### Problem requirements
Every record below is to be restated verbatim, though its images are not.

### Records from a collection
━━━━━━━━━━

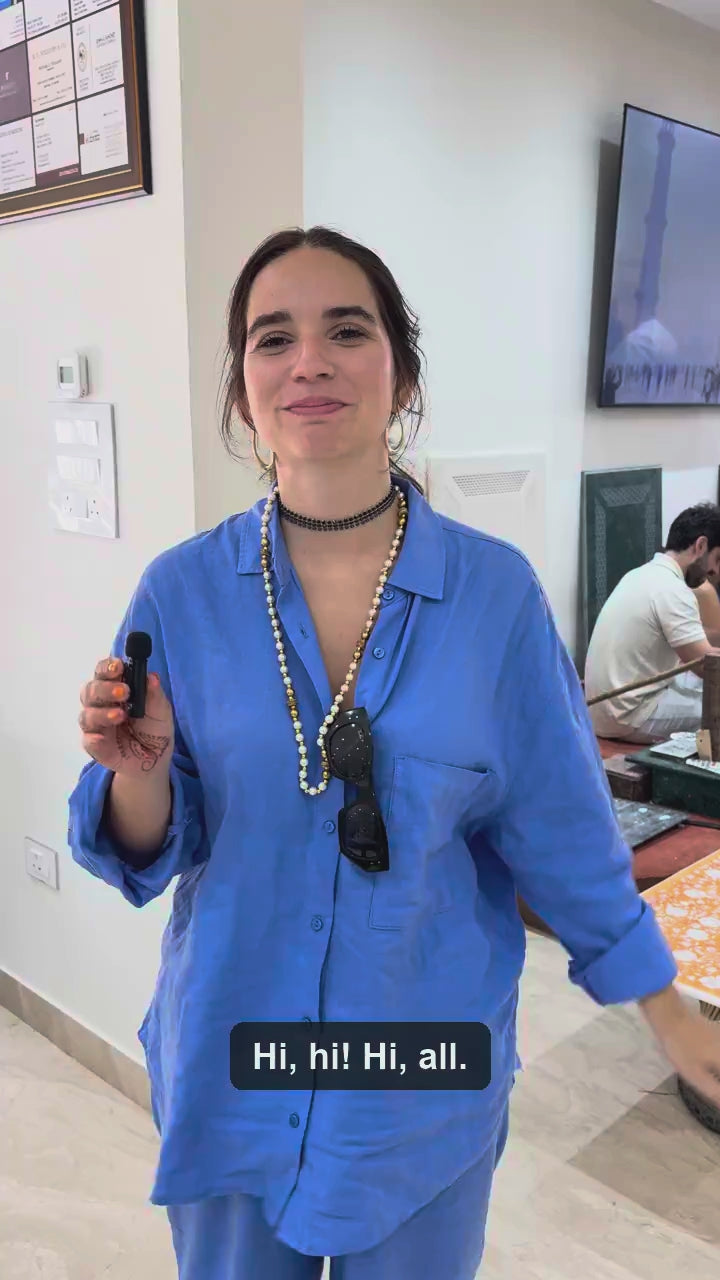 Ana, a guest from Spain, shares her review of the Pietra Dura workshop (English captions)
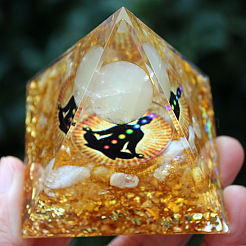 Générateurs d'énergie de résine de pyramide d'orgonite&nbsp;PW-WG60468-01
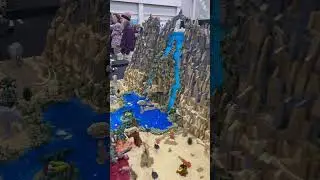 The LEGO water fall looks awesome!#lego #safari #waterfall #legobuild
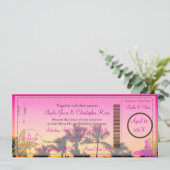 PixDezines Boarding Pass+Sunset A-Bay+Starfish Einladung (Stehend Vorderseite)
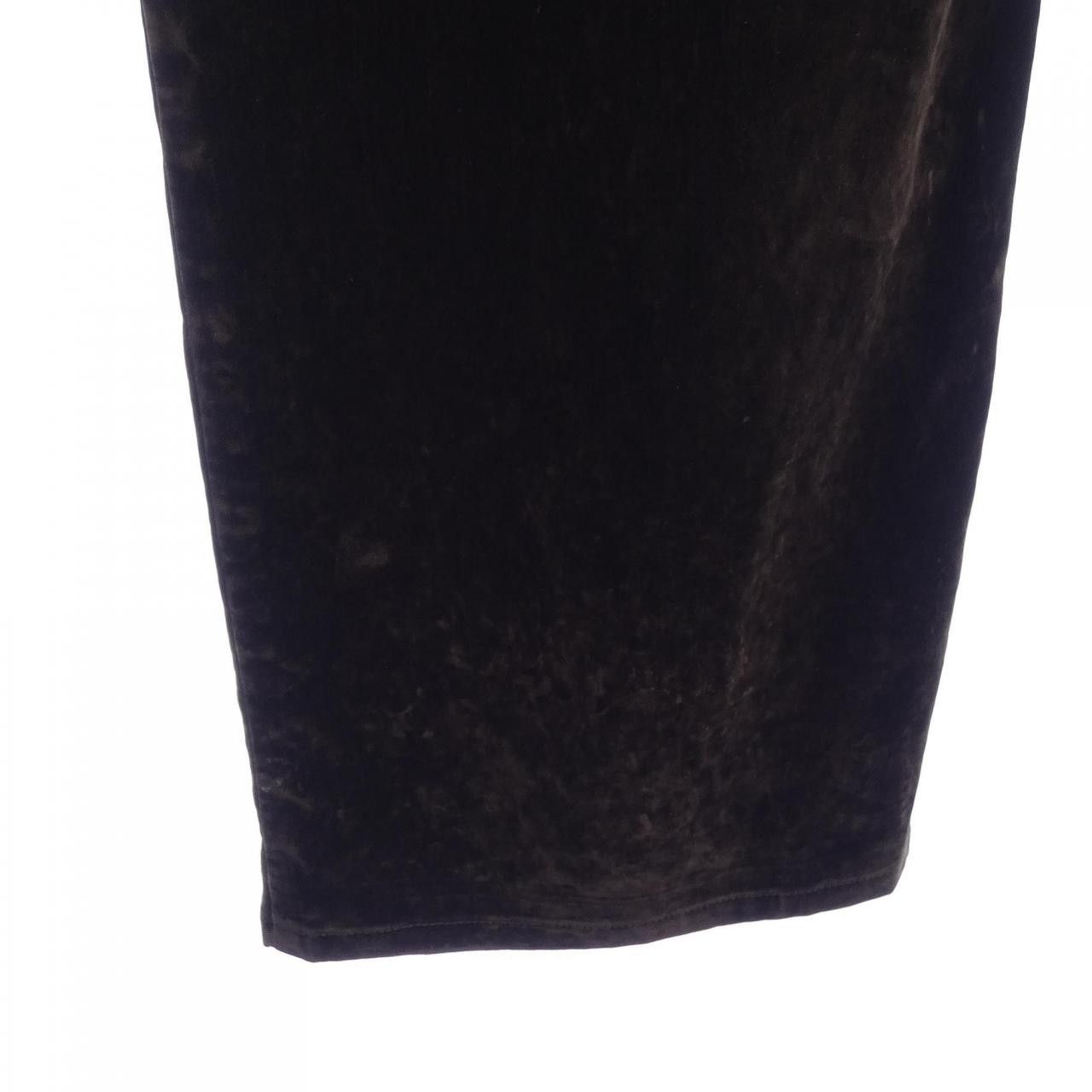 Miu Miu Miu Miu Miu Miu Miu Miu logo washed flocking pants Textile Pants MP1725SOOO157Y DUTY FREE for USA Size ONE SIZE - 5 Thumbnail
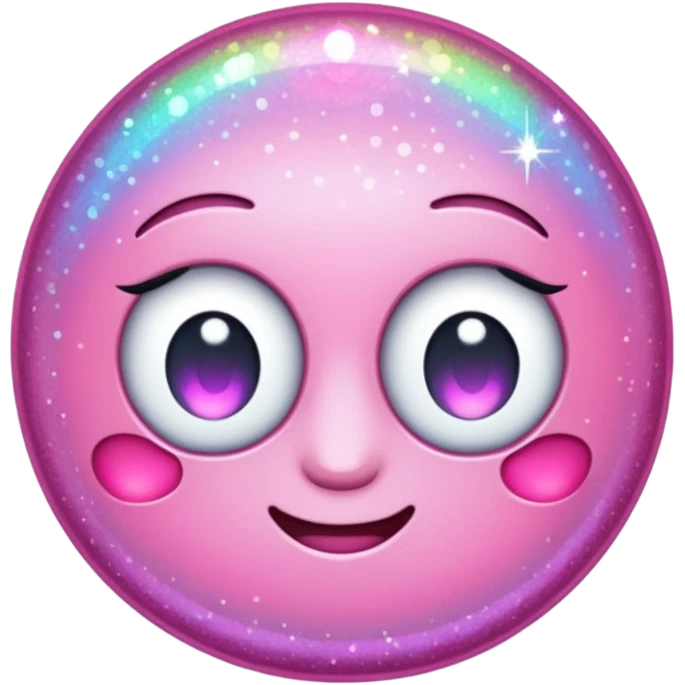 glitter pink game emoji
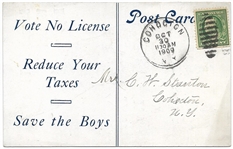 Saloons Can't Run Without Boys and Girls Postcard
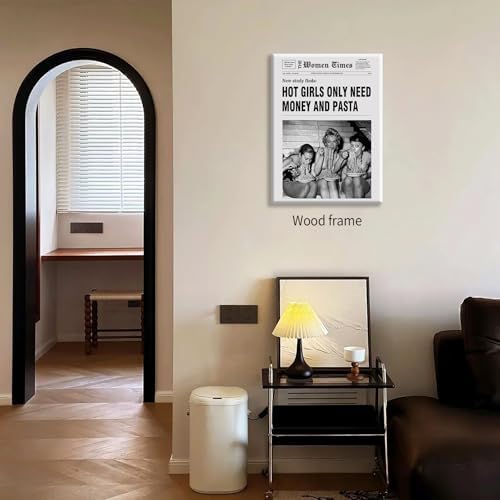 Trendy Black And White Aesthetic Poster Vintage Newspaper Wall Art Fashion - Image 6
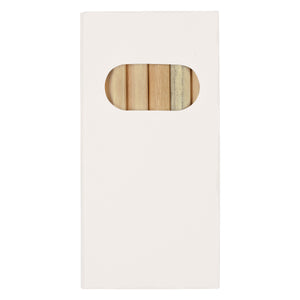 6-Piece Colored Pencil Set - White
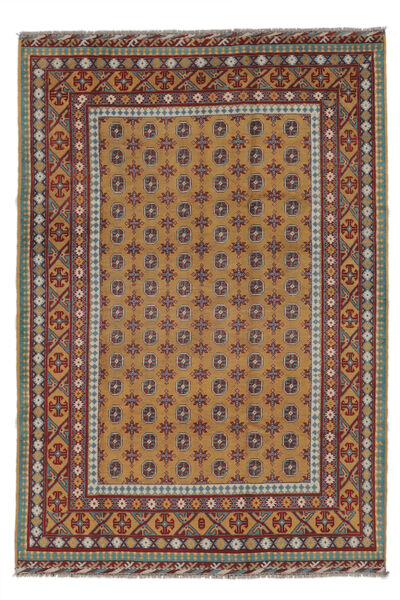  Matto Afghan Fine Matot 197X289 Ruskea/Tummanpunainen (Villa, Afganistan)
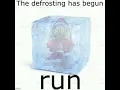 The defrosting has begun #meme #fyp #earlychristmas #anime #defrosting #padoru #padorupadoru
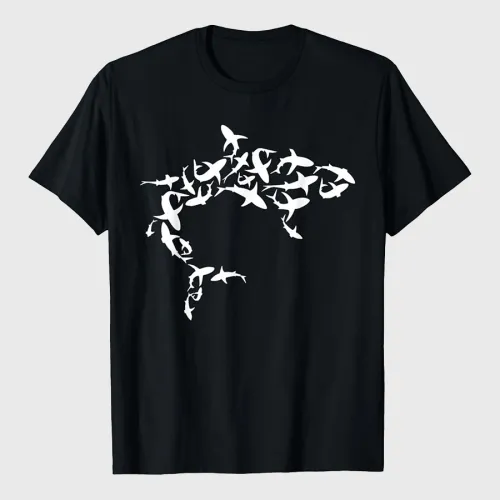 Great White Shark Lover Marine Biology Animal Science T-Shirt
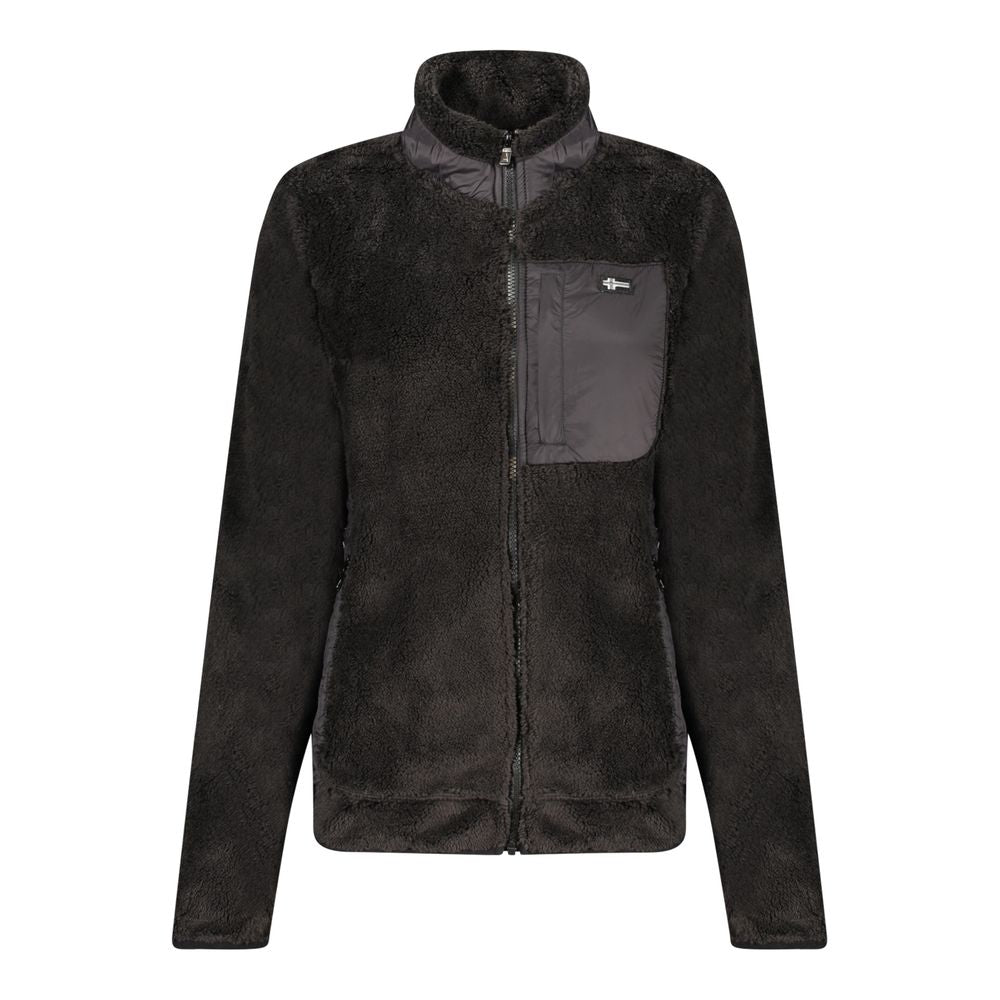 Black Polyester Women's Sweatshirt - ventzia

━━━━━━━━━━

### Solution below
 Ana, a guest from Spain, shares her review of the Pietra Dura workshop (English captions)
 Générateurs d'énergie de résine de pyramide d'orgonite&nbsp;PW-WG60468-01
 The LEGO water fall looks awesome!#lego #safari #waterfall #legobuild
 PixDezines Boarding Pass+Sunset A-Bay+Starfish Einladung (Stehend Vorderseite)
 Miu Miu Miu Miu Miu Miu Miu Miu logo washed flocking pants Textile Pants MP1725SOOO157Y DUTY FREE for USA Size ONE SIZE - 5 Thumbnail
 glitter pink game emoji
 Saloons Can't Run Without Boys and Girls Postcard
 Trendy Black And White Aesthetic Poster Vintage Newspaper Wall Art Fashion - Image 6
 6-Piece Colored Pencil Set - White
  Matto Afghan Fine Matot 197X289 Ruskea/Tummanpunainen (Villa, Afganistan)
 The defrosting has begun #meme #fyp #earlychristmas #anime #defrosting #padoru #padorupadoru
 Great White Shark Lover Marine Biology Animal Science T-Shirt
 Black Polyester Women's Sweatshirt - ventzia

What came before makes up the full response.